Click the button to start plot animation

5. Continue step 4 over a few hundred to a few thousand iterations and observe the pattern that arises. 
with open(demo_files/'chaosgame3v_fast.html', 'r') as fhand:
    cgfast = fhand.read()
HTML(cgfast)

The figure that emerges is none other than the fractal known as the Sierpinski triangle.

The Chaos Game can be played with any arbitrary number of vertices. Of note is when the vertices are a multiple of 4. In this case of 4 vertices, the pattern is a uniformly filled square and for greater multiples of 4 such as 8 or 16, the pattern is a uniformly filled polygon surrounding an empty center.

Here is the Chaos Game with 8 vertices:

8 Vertex Chaos Game

and 16 vertices:

16 Vertex Chaos Game

And here is the Chaos Game with 4 vertices:

4 Vertex Chaos Game

1.2 Chaos Game Representation#

In 1990, inspired by an observation that the 4, 8, and 16 vertex chaos game figures would display elaborate patterns depending on the quality of the pseudorandom number generator, Jeffrey 5 proposed feeding the chaos game with natural sequences, such as DNA, instead of random ones, as a way to reveal underlying structures in the sequences. He called this new sequence visualization method Chaos Game Representation (CGR) and it works by assigning each unique symbol in the sequence to a vertex and using the sequence to dictate how the CGR points are plotted.
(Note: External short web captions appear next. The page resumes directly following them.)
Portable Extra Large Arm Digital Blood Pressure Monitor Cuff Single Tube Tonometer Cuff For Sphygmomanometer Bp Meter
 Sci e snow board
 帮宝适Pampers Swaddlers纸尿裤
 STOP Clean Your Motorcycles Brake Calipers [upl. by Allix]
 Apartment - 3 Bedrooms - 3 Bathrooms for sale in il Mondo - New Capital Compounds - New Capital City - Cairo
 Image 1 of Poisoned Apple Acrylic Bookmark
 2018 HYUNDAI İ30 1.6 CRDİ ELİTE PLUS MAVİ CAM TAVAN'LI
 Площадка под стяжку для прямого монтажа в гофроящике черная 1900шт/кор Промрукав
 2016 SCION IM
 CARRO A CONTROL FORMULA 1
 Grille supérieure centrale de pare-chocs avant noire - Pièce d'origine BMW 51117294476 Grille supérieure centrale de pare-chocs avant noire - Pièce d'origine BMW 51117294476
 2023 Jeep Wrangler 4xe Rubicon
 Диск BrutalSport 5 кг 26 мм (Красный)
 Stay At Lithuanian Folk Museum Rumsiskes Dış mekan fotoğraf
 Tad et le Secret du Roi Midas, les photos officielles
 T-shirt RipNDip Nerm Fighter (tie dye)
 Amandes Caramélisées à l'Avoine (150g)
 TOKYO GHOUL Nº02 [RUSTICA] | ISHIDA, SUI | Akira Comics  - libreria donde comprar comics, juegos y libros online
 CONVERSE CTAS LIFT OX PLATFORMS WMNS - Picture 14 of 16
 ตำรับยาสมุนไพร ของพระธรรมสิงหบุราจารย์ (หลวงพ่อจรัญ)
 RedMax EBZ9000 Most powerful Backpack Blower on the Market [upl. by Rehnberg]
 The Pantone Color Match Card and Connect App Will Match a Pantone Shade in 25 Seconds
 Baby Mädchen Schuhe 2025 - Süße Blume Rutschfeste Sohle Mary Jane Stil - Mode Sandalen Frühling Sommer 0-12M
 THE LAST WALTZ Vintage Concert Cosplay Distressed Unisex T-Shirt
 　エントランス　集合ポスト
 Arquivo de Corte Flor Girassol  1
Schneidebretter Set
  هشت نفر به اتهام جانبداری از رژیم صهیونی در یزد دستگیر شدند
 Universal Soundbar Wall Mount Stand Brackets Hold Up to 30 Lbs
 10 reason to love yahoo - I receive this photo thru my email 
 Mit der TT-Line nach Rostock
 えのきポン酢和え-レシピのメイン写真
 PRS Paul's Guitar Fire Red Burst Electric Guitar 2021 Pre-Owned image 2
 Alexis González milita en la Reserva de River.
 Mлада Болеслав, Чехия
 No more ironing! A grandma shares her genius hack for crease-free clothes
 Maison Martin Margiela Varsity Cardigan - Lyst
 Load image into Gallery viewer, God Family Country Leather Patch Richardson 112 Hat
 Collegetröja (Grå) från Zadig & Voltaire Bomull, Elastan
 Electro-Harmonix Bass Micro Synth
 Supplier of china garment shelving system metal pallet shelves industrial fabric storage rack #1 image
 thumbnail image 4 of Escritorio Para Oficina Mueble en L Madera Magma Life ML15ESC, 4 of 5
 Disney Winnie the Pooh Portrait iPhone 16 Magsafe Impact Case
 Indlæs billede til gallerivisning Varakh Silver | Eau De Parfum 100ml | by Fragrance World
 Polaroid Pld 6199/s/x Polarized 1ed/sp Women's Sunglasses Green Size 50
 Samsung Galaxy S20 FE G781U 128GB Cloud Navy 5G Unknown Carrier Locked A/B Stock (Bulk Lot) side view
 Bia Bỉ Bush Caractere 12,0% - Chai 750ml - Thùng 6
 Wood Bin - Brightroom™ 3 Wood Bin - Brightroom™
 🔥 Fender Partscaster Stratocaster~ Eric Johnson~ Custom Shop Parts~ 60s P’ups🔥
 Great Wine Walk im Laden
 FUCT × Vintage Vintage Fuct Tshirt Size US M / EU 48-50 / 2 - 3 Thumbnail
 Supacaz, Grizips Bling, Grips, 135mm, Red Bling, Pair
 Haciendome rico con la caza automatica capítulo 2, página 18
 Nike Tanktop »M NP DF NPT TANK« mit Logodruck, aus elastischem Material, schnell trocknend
Example 1.2.1 CGR of the Human Beta Globin Region#

We can demonstrate the construction of a CGR of a DNA sequence using the Human Beta Globin region of Chromosome 11 (sequence publicly availabe from Genbank). DNA has 4 nucleotide bases (A, C, G, and T), which we assign to the four vertices (0, 0), (0, 1), (1, 1), and (1, 0) respectively and set our initial point as the centroid of the vertices. The first 6 bases of HUMHBB are G, A, A, T, T, and C 6. So the second CGR coordinate is computed as the midpoint between the centroid and the coordinate (1, 1) which is the vertex associated with nucleotide base G. The third CGR coordinate is the midpoint between the second coordinate and (0, 0), the vertex associated with base A, and so on. The CGR plot of all 73,308 bases then looks like this:

with open(demo_files/'humhbb.txt', 'r') as fhand:
    seq = list(fhand.read())
A = {'A':(0, 0), 'C':(0, 1), 'G':(1, 1), 'T':(1, 0)}
hbbcgr = pyusm.USM.cgr2d(seq, A=A)
hbbcgr.coord_dict.items()
dict_items([('A', (0, 0)), ('C', (0, 1)), ('G', (1, 1)), ('T', (1, 0))])
#get coordinate values of the vertices
labels, verts = zip(*hbbcgr.coord_dict.items())
x_vals, y_vals = zip(*verts)
x_vals = np.array(x_vals)
y_vals = np.array(y_vals)
# set up figure to hold our cgr
xmin = x_vals.min() - 0.2
xmax = x_vals.max() + 0.2
ymin = y_vals.min() - 0.2
ymax = y_vals.max() + 0.2

cgr, ax1 = plt.subplots(figsize=(7, 7))
ax1.set(xlim=(xmin, xmax), ylim=(ymin, ymax))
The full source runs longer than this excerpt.